### What you should do
Give back only the lines in the records below from the one with "25pcs 15White+10Black Prewound" to the one with "Luxurious Pink Synthetic", both inclusive, word for word.
BEGIN Data for this exercise
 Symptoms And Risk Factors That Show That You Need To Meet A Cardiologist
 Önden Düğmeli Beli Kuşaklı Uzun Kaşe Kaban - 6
END Data for this exercise
BEGIN Data for this exercise
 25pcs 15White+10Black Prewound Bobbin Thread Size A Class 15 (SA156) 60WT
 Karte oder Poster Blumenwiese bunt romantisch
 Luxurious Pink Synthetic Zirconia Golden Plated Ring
END Data for this exercise
### Written response
 25pcs 15White+10Black Prewound Bobbin Thread Size A Class 15 (SA156) 60WT
 Karte oder Poster Blumenwiese bunt romantisch
 Luxurious Pink Synthetic Zirconia Golden Plated Ring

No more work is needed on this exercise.